= RECORDS =

• • • •

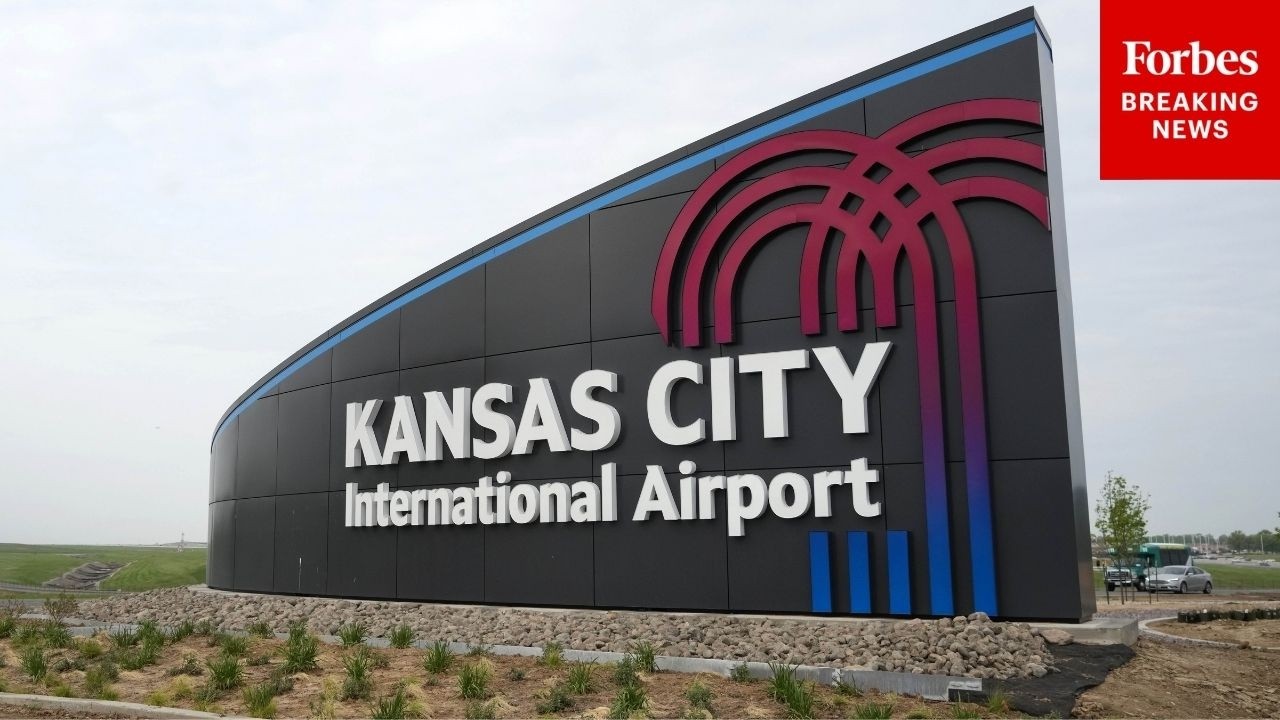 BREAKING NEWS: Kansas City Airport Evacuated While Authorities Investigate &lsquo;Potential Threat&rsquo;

• • • •

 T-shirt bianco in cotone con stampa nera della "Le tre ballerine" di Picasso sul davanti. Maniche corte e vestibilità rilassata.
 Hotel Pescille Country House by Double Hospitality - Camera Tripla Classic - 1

• • • •

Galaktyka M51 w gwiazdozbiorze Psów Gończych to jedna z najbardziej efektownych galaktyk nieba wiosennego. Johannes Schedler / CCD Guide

• • • •

= TASK GOAL =
Each line above from the one with "T-shirt bianco in" up to and including the one with "Hotel Pescille Country" must be set down exactly, and no line outside that span may appear.

= RESPONSE FOR THIS EXERCISE =
 T-shirt bianco in cotone con stampa nera della "Le tre ballerine" di Picasso sul davanti. Maniche corte e vestibilità rilassata.
 Hotel Pescille Country House by Double Hospitality - Camera Tripla Classic - 1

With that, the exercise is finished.